[Start of Attachment]

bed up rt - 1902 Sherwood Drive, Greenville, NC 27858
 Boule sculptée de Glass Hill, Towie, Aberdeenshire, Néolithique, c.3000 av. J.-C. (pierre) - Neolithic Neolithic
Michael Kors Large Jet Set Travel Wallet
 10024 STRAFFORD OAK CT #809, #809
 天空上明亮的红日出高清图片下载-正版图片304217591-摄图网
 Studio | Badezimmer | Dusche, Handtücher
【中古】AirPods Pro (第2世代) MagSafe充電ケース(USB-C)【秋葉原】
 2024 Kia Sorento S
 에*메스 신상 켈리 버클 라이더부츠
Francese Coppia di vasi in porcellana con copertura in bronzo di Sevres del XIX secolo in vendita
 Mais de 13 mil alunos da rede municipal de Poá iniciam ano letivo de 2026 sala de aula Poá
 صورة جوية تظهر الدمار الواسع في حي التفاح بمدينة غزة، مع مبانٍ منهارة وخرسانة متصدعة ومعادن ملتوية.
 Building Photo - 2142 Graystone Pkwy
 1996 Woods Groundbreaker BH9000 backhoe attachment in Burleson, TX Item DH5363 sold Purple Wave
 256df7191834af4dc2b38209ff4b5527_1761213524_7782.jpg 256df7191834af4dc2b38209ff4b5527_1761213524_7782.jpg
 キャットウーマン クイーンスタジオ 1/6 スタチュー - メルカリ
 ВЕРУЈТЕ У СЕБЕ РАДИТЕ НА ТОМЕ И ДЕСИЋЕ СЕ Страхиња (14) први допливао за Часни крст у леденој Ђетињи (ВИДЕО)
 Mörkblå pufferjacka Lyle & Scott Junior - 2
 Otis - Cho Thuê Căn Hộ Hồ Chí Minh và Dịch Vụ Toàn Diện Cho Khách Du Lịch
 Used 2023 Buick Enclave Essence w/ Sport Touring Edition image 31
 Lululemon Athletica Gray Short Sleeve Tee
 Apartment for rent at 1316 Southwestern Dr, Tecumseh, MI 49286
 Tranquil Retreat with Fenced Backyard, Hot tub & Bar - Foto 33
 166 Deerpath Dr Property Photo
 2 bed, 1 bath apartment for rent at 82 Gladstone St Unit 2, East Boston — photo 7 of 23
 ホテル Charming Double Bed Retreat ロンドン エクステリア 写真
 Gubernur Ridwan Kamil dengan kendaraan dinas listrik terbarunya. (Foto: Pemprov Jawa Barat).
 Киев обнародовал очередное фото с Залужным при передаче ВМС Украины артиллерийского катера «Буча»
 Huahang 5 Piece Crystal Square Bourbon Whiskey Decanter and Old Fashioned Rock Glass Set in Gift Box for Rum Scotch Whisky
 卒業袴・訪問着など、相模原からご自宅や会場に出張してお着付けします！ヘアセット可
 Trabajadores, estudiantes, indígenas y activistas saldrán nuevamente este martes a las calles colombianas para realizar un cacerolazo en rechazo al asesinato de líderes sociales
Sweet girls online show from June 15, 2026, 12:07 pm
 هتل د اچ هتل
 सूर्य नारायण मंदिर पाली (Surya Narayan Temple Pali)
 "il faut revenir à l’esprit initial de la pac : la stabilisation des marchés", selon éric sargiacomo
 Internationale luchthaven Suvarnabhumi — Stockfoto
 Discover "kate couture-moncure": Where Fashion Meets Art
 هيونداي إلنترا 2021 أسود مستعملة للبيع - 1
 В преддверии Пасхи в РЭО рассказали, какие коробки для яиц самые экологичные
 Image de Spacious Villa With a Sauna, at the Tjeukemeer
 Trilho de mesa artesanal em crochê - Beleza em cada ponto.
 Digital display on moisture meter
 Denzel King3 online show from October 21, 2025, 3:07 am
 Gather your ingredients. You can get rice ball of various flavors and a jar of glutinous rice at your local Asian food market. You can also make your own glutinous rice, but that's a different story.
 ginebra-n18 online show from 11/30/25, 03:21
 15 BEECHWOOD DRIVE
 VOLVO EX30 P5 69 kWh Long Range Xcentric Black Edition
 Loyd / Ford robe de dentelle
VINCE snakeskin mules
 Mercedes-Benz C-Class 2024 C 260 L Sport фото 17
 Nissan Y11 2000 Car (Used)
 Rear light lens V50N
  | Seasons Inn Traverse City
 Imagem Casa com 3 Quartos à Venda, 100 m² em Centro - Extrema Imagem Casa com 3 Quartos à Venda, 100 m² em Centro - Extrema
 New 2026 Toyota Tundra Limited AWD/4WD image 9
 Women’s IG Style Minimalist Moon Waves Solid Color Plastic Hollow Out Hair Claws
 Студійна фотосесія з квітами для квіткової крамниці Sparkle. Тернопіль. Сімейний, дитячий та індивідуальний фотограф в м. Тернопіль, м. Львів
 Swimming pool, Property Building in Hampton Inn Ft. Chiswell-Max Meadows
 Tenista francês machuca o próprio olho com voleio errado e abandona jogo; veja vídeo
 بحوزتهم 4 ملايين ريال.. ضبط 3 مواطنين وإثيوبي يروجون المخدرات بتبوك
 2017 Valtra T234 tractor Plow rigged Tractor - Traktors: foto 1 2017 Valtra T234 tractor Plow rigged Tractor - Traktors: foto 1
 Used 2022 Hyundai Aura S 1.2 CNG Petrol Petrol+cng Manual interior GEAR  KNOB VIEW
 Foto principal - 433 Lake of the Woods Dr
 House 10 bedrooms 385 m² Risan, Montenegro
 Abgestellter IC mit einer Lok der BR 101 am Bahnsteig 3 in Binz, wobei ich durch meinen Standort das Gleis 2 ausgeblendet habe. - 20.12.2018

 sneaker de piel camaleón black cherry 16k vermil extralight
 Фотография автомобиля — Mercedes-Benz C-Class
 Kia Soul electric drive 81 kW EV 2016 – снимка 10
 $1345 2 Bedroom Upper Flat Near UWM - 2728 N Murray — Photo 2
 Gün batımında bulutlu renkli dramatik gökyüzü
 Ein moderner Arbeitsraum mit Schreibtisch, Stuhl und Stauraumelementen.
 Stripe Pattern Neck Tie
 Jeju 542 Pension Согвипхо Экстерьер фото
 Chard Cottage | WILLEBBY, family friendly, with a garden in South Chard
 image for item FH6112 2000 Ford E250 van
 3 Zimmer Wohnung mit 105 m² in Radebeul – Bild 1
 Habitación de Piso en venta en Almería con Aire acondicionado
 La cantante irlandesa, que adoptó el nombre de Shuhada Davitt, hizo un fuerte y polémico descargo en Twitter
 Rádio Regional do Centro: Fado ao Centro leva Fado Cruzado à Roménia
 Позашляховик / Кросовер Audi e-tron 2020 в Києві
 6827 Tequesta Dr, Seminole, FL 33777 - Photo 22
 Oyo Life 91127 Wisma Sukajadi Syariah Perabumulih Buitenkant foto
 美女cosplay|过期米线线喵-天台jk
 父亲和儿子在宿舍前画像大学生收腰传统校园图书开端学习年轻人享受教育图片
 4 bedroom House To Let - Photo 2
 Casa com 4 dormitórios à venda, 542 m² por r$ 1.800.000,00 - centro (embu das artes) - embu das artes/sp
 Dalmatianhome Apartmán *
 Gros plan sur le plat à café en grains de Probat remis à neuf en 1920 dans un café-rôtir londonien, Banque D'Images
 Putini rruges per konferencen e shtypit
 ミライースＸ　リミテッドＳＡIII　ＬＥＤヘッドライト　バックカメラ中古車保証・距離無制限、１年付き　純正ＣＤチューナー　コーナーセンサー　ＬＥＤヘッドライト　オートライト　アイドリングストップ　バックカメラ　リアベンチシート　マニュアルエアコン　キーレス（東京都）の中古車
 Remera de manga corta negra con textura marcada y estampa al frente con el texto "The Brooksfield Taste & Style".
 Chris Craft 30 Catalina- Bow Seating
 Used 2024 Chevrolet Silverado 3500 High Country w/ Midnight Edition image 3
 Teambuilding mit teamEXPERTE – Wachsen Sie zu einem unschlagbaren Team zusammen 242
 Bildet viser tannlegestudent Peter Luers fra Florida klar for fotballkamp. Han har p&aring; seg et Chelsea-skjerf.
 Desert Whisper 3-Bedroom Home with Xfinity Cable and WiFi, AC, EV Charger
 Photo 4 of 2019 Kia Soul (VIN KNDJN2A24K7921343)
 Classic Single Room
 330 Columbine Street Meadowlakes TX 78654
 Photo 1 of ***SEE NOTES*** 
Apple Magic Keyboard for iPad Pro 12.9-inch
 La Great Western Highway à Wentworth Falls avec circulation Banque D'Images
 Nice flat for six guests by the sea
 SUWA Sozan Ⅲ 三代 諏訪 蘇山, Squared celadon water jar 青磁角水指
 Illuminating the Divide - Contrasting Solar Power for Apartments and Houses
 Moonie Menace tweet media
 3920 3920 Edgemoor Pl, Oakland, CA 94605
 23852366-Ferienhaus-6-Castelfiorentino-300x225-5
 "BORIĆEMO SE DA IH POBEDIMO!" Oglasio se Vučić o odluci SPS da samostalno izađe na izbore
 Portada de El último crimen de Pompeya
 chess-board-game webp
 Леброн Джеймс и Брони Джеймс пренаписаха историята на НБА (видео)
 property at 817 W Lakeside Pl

[End of Attachment]

### Your assignment
Extract the lines of the preceding material that run from the line with "Фотография автомобиля —" through the line with "ミライースＸ　リミテッドＳＡ", inclusive, reproducing them exactly and adding nothing.

### Written solution
 Фотография автомобиля — Mercedes-Benz C-Class
 Kia Soul electric drive 81 kW EV 2016 – снимка 10
 $1345 2 Bedroom Upper Flat Near UWM - 2728 N Murray — Photo 2
 Gün batımında bulutlu renkli dramatik gökyüzü
 Ein moderner Arbeitsraum mit Schreibtisch, Stuhl und Stauraumelementen.
 Stripe Pattern Neck Tie
 Jeju 542 Pension Согвипхо Экстерьер фото
 Chard Cottage | WILLEBBY, family friendly, with a garden in South Chard
 image for item FH6112 2000 Ford E250 van
 3 Zimmer Wohnung mit 105 m² in Radebeul – Bild 1
 Habitación de Piso en venta en Almería con Aire acondicionado
 La cantante irlandesa, que adoptó el nombre de Shuhada Davitt, hizo un fuerte y polémico descargo en Twitter
 Rádio Regional do Centro: Fado ao Centro leva Fado Cruzado à Roménia
 Позашляховик / Кросовер Audi e-tron 2020 в Києві
 6827 Tequesta Dr, Seminole, FL 33777 - Photo 22
 Oyo Life 91127 Wisma Sukajadi Syariah Perabumulih Buitenkant foto
 美女cosplay|过期米线线喵-天台jk
 父亲和儿子在宿舍前画像大学生收腰传统校园图书开端学习年轻人享受教育图片
 4 bedroom House To Let - Photo 2
 Casa com 4 dormitórios à venda, 542 m² por r$ 1.800.000,00 - centro (embu das artes) - embu das artes/sp
 Dalmatianhome Apartmán *
 Gros plan sur le plat à café en grains de Probat remis à neuf en 1920 dans un café-rôtir londonien, Banque D'Images
 Putini rruges per konferencen e shtypit
 ミライースＸ　リミテッドＳＡIII　ＬＥＤヘッドライト　バックカメラ中古車保証・距離無制限、１年付き　純正ＣＤチューナー　コーナーセンサー　ＬＥＤヘッドライト　オートライト　アイドリングストップ　バックカメラ　リアベンチシート　マニュアルエアコン　キーレス（東京都）の中古車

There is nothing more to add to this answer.